§ **PROBLEM STATEMENT**: Nothing but the lines from the one with "For Subaru Tribeca" through the end of the data should be set down, each exactly as written, and no picture should be included.

───── THE RECORDS

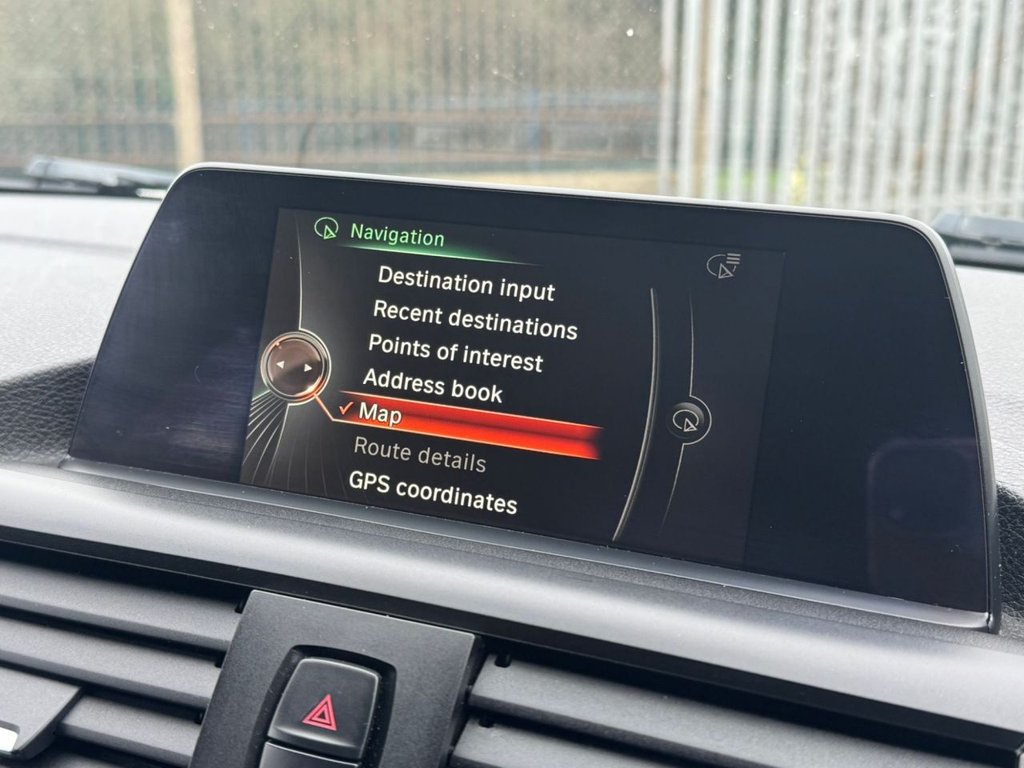 Used BMW 1 Series 2015 for sale - 77408214: Photo 48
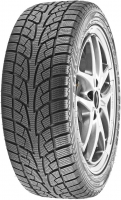 185/65 R14 Nord Frost Winter Tact 86T (King Miller)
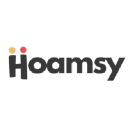 Hoamsy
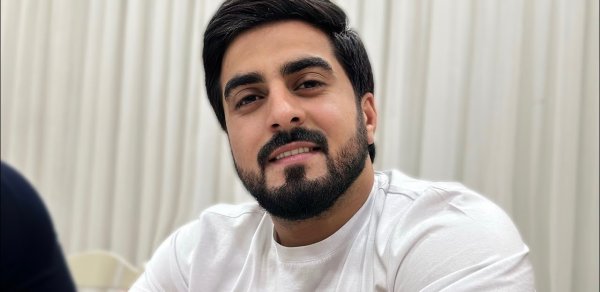 Məşhur müğənni evlənir - FOTO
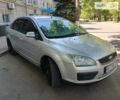 Форд Фокус, об'ємом двигуна 1.6 л та пробігом 206 тис. км за 5700 $, фото 5 на Automoto.ua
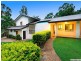 32 Black Gin Ck Rd, Alton Downs QLD 4702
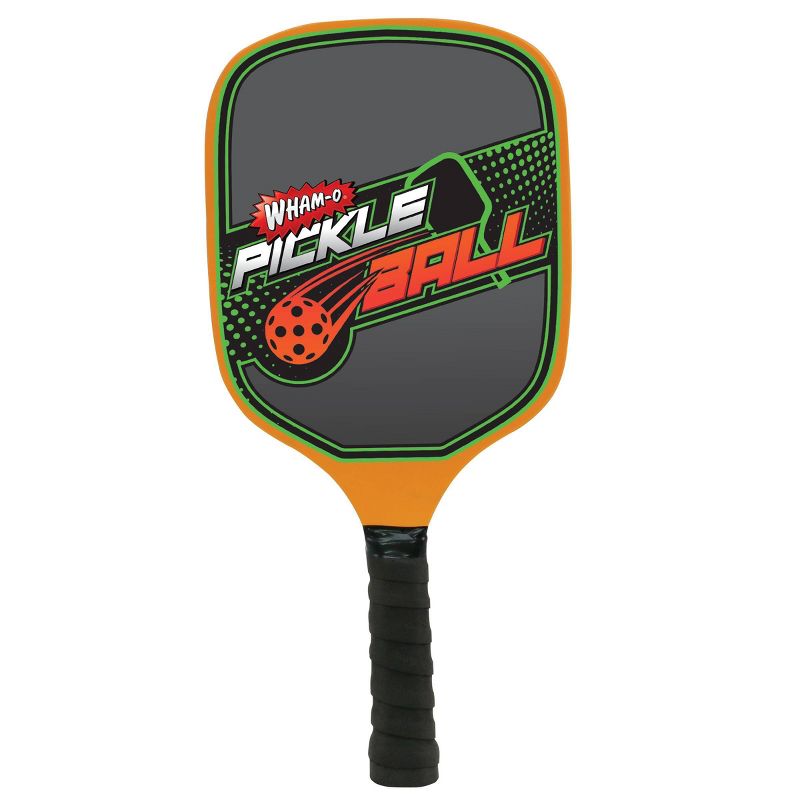 Wham-O Pickle Ball Set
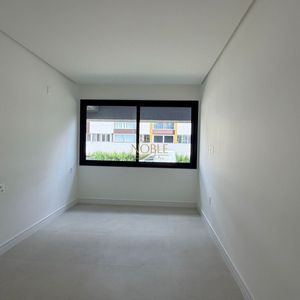 Apartamento com 99m², 2 dormitórios, 2 suítes, 2 vagas no Florença em Torres para Comprar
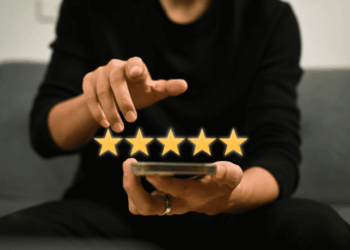 Discover the Impacts of Local Business Stars in 2025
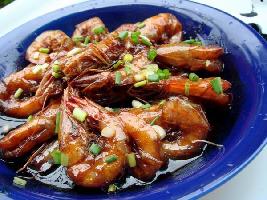 �ͱ������r������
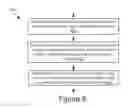 Fig. 06 - Learning a vector representation for unique identification codes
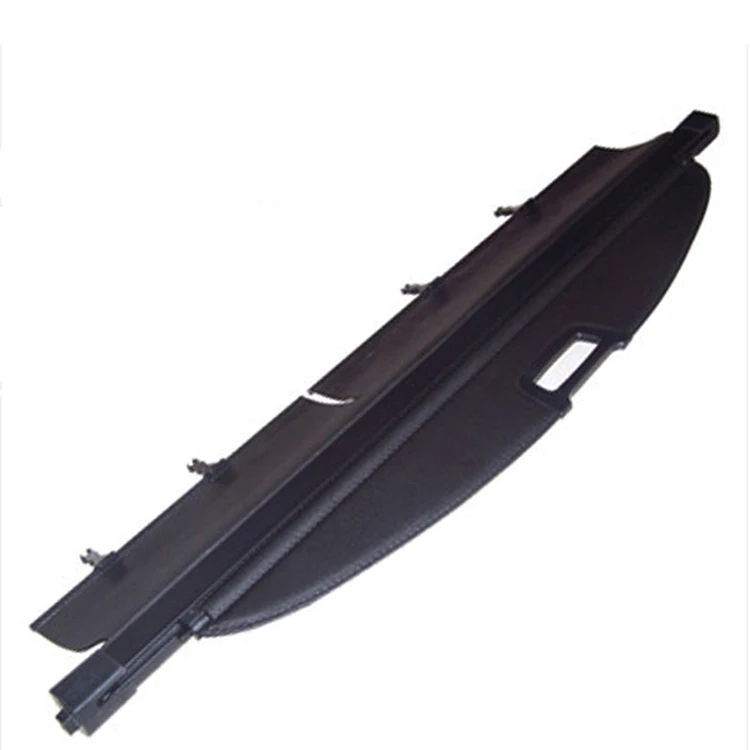 For Subaru Tribeca 2006 2012 Rear Cargo Cover privacy
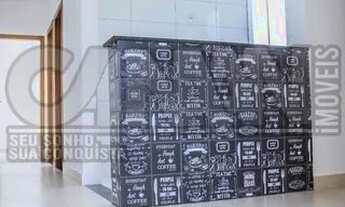 Imagem 4: IBIRITé - Casa Padrão - Eldorado (Parque Durval de Barros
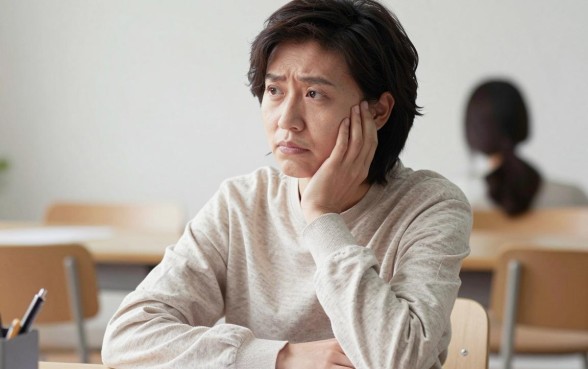 那个口子无视黑白，梳理5个不看欠款的贷款app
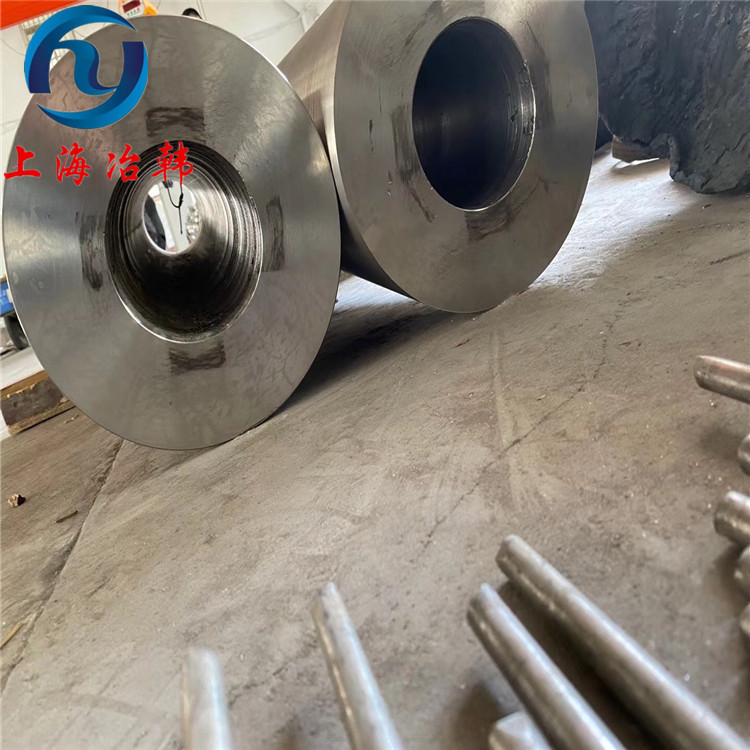 高温合金GH4141,GH141,NO7041,2.4973,Haynes R41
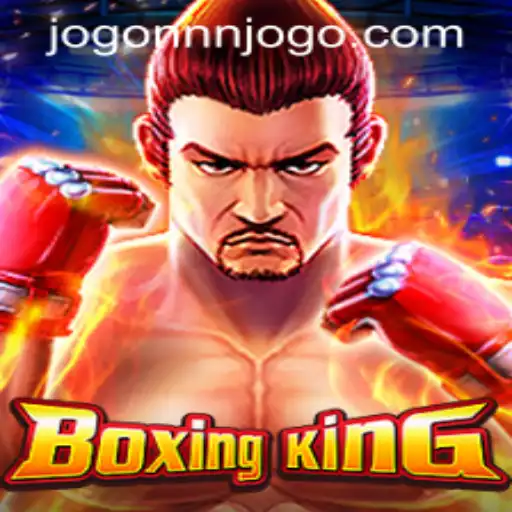 Exploring the World of BoxingKing and Navigating the Nnnjogo PH Login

──────────

§ **TASK ANSWER**:
 For Subaru Tribeca 2006 2012 Rear Cargo Cover privacy
 Imagem 4: IBIRITé - Casa Padrão - Eldorado (Parque Durval de Barros
 那个口子无视黑白，梳理5个不看欠款的贷款app
 高温合金GH4141,GH141,NO7041,2.4973,Haynes R41
 Exploring the World of BoxingKing and Navigating the Nnnjogo PH Login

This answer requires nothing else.